Five days before the initial incident, the Armed Forces of the Philippines had detected the departure of a group of Abu Sayyaf from Indanan, Sulu bound for the Central Visayas. On 9 April 2017, the US Embassy in Manila issued a travel warning based on "credible" reports of kidnapping threats. A day before the first firefight, the AFP received reports of the presence of eleven armed men in three pump boats entering the Inabanga River in Bohol.
A firefight between a joint Philippine Army and police force and the Abu Sayyaf began at approximately 5:00 in the morning of 11 April 2017 in Barangay Napo in the town of Inabanga. A Philippine Air Force plane conducted airstrikes against the Abu Sayyaf, while a Philippine Navy gunboat was deployed to block possible escape routes by sea. Three Philippine Army troopers, a policeman, two civilians and four Abu Sayyaf members were killed in the clash. Reports indicated that three extremist groups that have pledged allegiance to ISIL participated in the Bohol attack: a hard-line Abu Sayyaf faction known as the Marakat Ansar Battalion (called the Marakah al Ansar Battalion by another source), the Maute group and Ansar Khalifa Philippines.
A day after the firefight, the body of Abu Sayyaf sub-leader Maumar Askali, also known as Abu Rami, was recovered from the scene of the clash. Askali was implicated in the beheading of two Canadian hostages, John Ridsdel and Robert Hall in 2016, and German tourist Jürgen Kantner in February 2017. On 13 April, two days after the clash, another Abu Sayyaf fatality was recovered by security forces after being buried by his companions in Barangay Lonoy Cainsican in Inabanga.
Two civilians killed in the firefight were initially tagged as Abu Sayyaf casualties. Government troops recovered M16 and M4 rifles, and bomb-making paraphernalia from the scene of the clash. The Armed Forces of the Philippines and civil authorities declared Bohol "cleared" a day after the firefight.
On 22 April 2017, four more Abu Sayyaf militants were killed during firefights in Bohol, including sub-leader and guide Joselito Melloria, also known as Abu Alih. Two weeks later, the AFP announced the arrest of Abu Saad, one of the three remaining Abu Sayyaf members who had evaded capture. A day later, Abu Saad was reported killed after attempting to escape while in police custody. The last two militants were finally located after they took a local resident hostage and were killed in a firefight against security forces on 15 May 2017.

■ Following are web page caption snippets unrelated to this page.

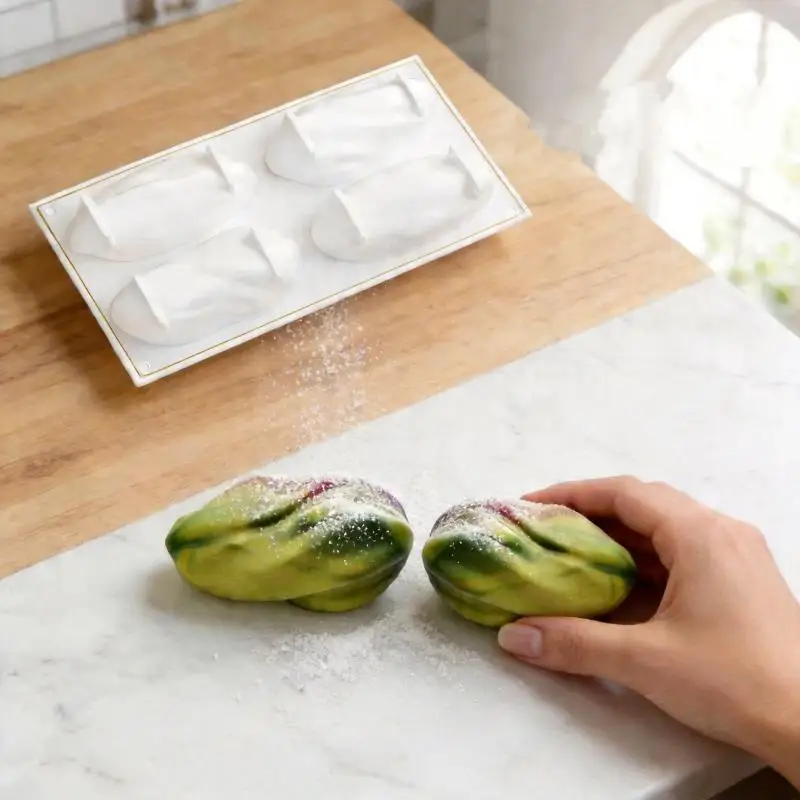 【HG】1Pcs Chocolate Dessert Pudding Baking Mold 4 Cavity Pistachio Mousse Cake Silicone Mold DIY Squishy & Handmade Candle Mold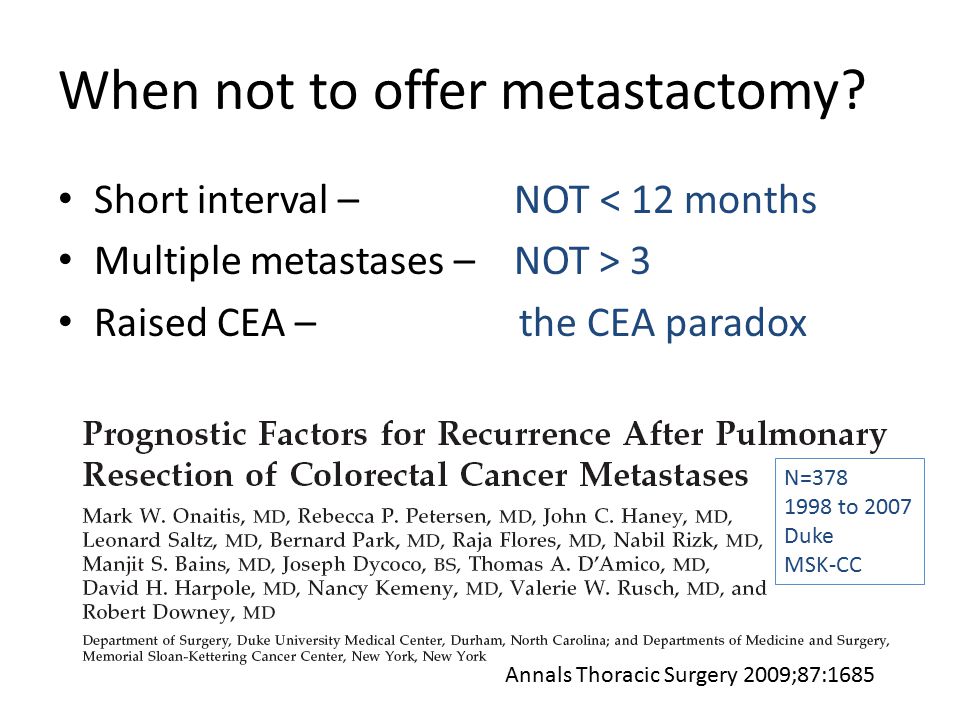 When not to offer metastactomy.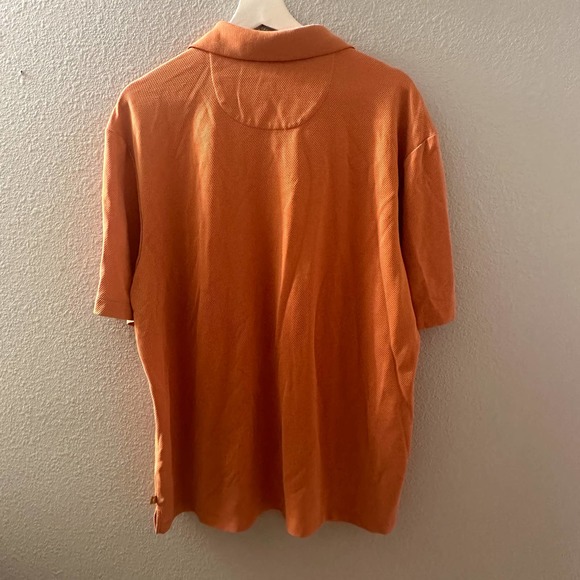 Tommy Bahama Men's Orange Three Button Placket Polo Shirt Size Large - Picture 4 of 9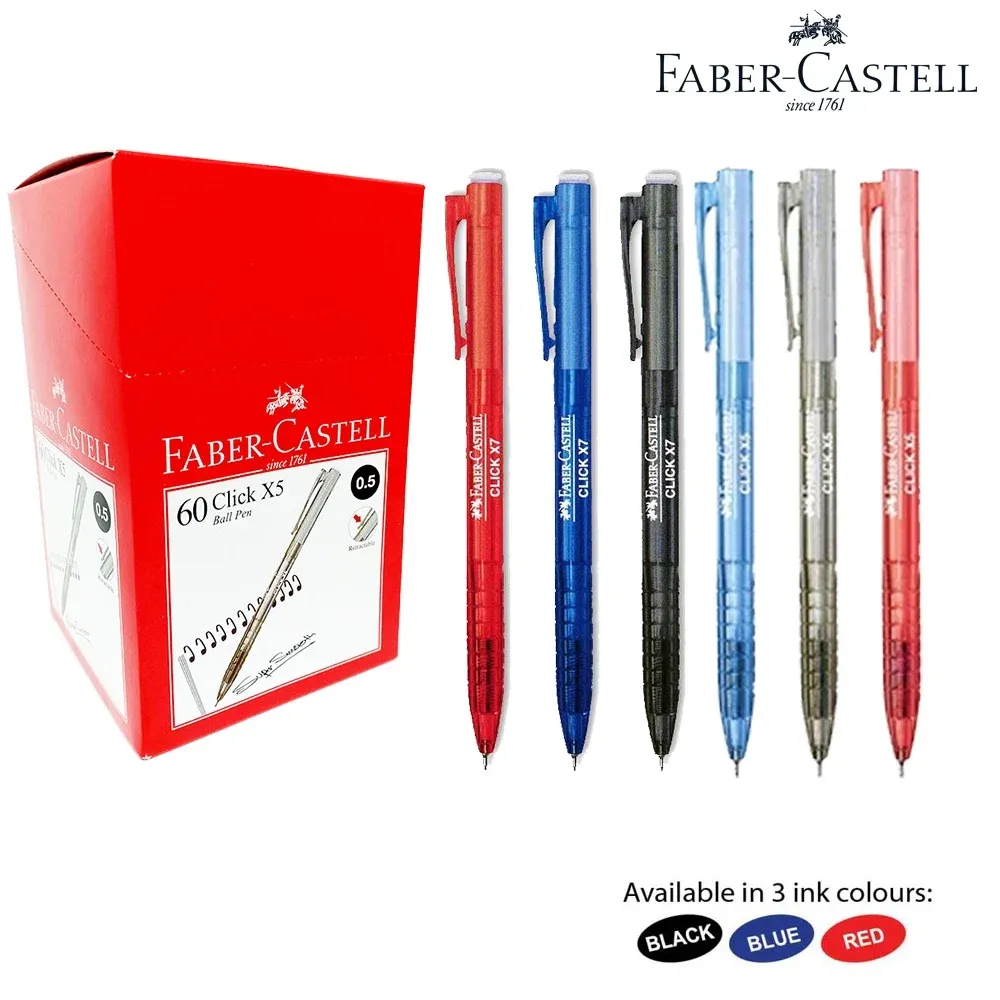 Faber Castell Ball Pen Click X7 0.7mm [Blue/Black/Red]
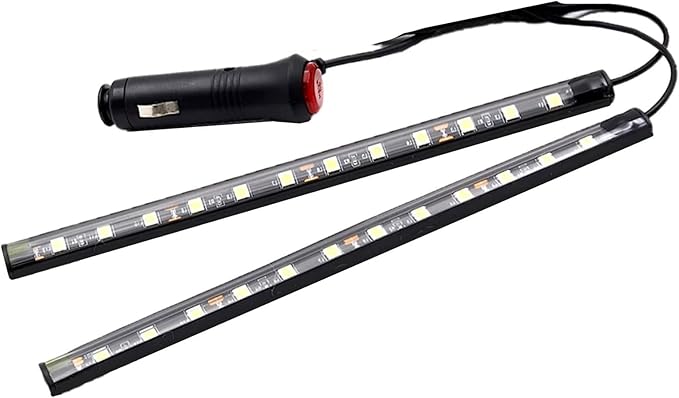 LED Interior Lights DC 12V Seat Ambient Light Cigaret Lighter, Car Uncer Dash LED Light Strip DRL Daylight Strip Car Atmosphere Lights-2 splitters in1 (White)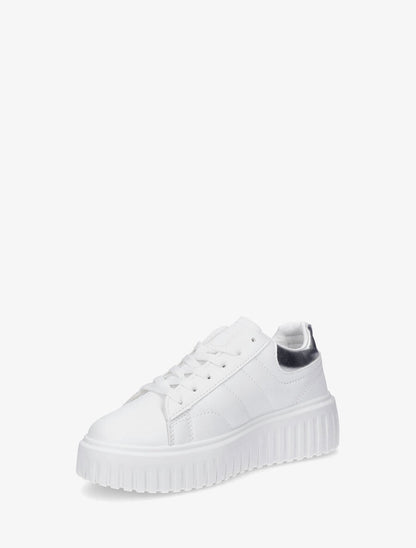 Sneakers à plateforme striée - Argent - 3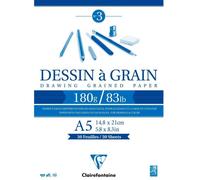 Bloc dessin - CLAIREFONTAINE - 14,8x21 cm - 180 grammes - 30 feuilles - Blanc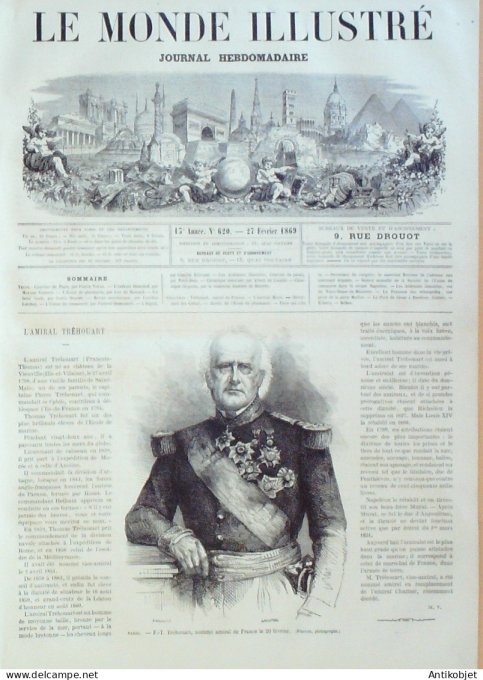 Le Monde illustré 1868 n°620 Espagne Cortès Madrid Mézières (08) Vélocipèdes Prytanée Dordives (45)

On the evening of 22 April 2017, Police Supt. Maria Christina Nobleza, the deputy regional chief of the crime laboratory in the Davao Region, and her alleged lover, Reenor Lou Dungon, were arrested in a military checkpoint in Barangay Bacani, Clarin, Bohol. The two, authorities stated, were planning to rescue the remaining Abu Sayyaf members who were being hunted down by government troops. Dungon is said to be the brother-in-law of slain Abu Sayyaf leader Abu Solaiman.